Esta dicen que es la obra más autobiográfica de esa deidad teatral que es Tennessee Williams. No hay duda, el autor nació en Misisipi, pleno sur de los Estados Unidos, y esta historia la sitúa en la misma área, al cobijo de una familia sureña formada por un madre con un carácter de rompe y rasga, un hijo que deambula por la vida con una única obsesión, el cine, y una hija con problemas de movilidad en una pierna que le hace cada vez más introvertida y que, sin duda, es una preocupación para una madre que acaba de sufrir las consecuencias de la gran crisis del 29 y de la nefasta elección de un marido inapropiado. El conflicto está servido.

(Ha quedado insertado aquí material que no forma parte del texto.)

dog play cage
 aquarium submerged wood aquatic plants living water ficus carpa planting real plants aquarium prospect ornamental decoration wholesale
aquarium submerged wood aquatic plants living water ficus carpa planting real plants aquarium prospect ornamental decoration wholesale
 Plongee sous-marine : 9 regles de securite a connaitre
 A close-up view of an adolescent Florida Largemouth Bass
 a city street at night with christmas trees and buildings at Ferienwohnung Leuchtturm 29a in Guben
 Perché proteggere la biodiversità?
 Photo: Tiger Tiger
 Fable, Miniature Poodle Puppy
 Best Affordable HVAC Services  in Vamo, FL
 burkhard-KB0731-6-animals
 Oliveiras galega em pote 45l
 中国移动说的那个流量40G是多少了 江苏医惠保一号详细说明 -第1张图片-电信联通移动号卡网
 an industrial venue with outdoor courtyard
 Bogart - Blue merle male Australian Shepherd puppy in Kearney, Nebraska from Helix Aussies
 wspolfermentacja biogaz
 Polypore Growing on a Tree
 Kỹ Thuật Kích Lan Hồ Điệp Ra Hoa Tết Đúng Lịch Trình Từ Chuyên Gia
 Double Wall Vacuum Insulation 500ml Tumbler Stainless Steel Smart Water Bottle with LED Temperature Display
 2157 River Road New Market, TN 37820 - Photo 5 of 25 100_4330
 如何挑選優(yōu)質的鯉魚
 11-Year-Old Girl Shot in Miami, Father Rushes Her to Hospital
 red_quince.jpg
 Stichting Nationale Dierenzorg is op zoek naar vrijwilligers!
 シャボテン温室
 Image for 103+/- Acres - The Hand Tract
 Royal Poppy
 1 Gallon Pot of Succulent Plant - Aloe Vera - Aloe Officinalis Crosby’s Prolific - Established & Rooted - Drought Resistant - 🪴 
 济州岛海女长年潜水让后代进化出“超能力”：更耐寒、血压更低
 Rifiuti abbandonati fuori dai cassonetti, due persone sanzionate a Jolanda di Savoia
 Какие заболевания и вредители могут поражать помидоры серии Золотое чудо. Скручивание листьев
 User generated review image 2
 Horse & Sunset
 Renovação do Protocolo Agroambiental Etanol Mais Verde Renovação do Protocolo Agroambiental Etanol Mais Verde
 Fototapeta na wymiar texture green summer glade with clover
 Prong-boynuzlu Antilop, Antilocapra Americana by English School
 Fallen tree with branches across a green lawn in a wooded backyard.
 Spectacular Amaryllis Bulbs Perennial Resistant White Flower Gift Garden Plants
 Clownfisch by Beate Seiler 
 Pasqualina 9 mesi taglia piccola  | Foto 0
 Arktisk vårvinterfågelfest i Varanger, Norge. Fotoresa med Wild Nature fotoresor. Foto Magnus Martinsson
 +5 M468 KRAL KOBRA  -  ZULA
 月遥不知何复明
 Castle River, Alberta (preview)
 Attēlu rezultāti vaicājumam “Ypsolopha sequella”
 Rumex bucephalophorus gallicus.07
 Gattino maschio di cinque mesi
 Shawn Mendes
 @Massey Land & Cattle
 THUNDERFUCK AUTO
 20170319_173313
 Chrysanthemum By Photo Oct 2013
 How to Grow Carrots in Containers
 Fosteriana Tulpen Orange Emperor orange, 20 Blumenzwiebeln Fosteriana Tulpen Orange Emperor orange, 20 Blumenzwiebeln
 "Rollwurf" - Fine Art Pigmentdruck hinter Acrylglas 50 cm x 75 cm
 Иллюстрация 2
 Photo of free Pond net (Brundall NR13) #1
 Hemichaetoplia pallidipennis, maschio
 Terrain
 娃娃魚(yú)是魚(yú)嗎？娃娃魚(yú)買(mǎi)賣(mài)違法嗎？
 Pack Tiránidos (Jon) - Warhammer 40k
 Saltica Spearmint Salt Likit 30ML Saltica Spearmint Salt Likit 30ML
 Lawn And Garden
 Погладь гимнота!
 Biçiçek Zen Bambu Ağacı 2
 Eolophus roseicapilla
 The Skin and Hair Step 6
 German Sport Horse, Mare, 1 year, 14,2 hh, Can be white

La madre sólo quiere un buen futuro para su hija, la más indefensa de la familia. Y a partir de aquí las conjeturas, las ideas infundadas y una cabeza llena de ilusiones y fantasías que no hacen más que dificultar la situación. Tennessee Williams puede ser que quisiera hablar de algún momento de su vida, pero sin duda lo que narró en “El zoo de cristal” es el estallido del producto ficticio generado por la fábrica de los sueños que es Estados Unidos. El sueño americano que salta por los aires cuando un mínimo detalle, con el que no se contaba de entrada, desmorona el castillo construido sobre la nada. Y quién es el culpable del desaguisado, ¿el Estado por vender la moto, que luego se marcha y te deja con el problema, o el pobre ciudadano que confía en lo que le cuentan y sufre las consecuencias de que la realidad no es como se la han contado? Una pregunta tan actual como repetida a lo largo de la Historia.
Francisco Vidal dirige esta versión del drama de Williams, que huele a clásico porque no le queda más remedio. Este montaje o se adapta al siglo XXI o siempre tendrá ese sabor que, en ningún caso, está de más a no ser que se sea un moderno exacerbado. Vidal juega con las palabras, con los movimientos, con las luces y con el gesto de los actores. Hay mucha intención en cada movimiento de los cuatro protagonistas. Silvia Marsó encabeza el cartel.
Hablando del cartel, está creado a la antigua usanza, fotografía a mayor tamaño de la primera actriz y con menor envergadura las del resto de actores. Pasa lo mismo en el saludo final, algo que cada vez se ve menos y que no está mal recordar de vez en cuando, aunque los tiempos dicen que no hay que abusar y más siendo todos actores jóvenes. A lo que iba, la Marsó está espléndida. Miren que no me convenció del todo en “Yerma” y lo de “Capitalismo. Hazles reír” no fue culpa suya e iba yo al Fernán Gómez con ese resquemor. Fuera miedos porque aquí está en su personaje y demostrando todo su colorido interpretativo.
Silvia Marsó tiene por delante un gran personaje en el que demuestra todo su poder interpretativo
Me quedo con su gesto (hablaba antes de los gestos de esta función) en el momento clave de la función, cuando su castillo de naipes se viene abajo. La sorpresa le sale de dentro. Tengo esa cara clavada en mi cabeza. Pero además ríe, hace reír, se impone, llora y a alguno seguro que le hace llorar. El personaje de Carlos García es el generador de ilusiones, de esperanzas, de alegrías, pero también genera el estallido, la ruptura. Sabe mantener el interés para aumentar ese deseo y muestra la cara de la cruel realidad cuando le ve las orejas al lobo y afronta un acto de valentía que defiende con gran solvencia en la interpretación.
Reparto al completo de «El zoo de cristal», dirigido por Francisco Vidal
Pilar Gil es la fragilidad, la indefensión, la depresión por no tener futuro y así lo plasma en esa pobre chica. Es el reflejo de la inseguridad, el miedo y el sometimiento a esa madre todopoderosa. Y Alejandro Arestegui sabe recibir los golpes a pesar de que su personaje aporta todo lo que está en su mano para mejorar la situación. Pone en pie sobradamente el respeto a una madre que no reconoce sus esfuerzos y refleja fielmente los desaires de desaprobación de cualquier hijo hacia las imposiciones de sus progenitores.
Calificación: Buena propuesta para disfrutar de un clásico con alto nivel actoral.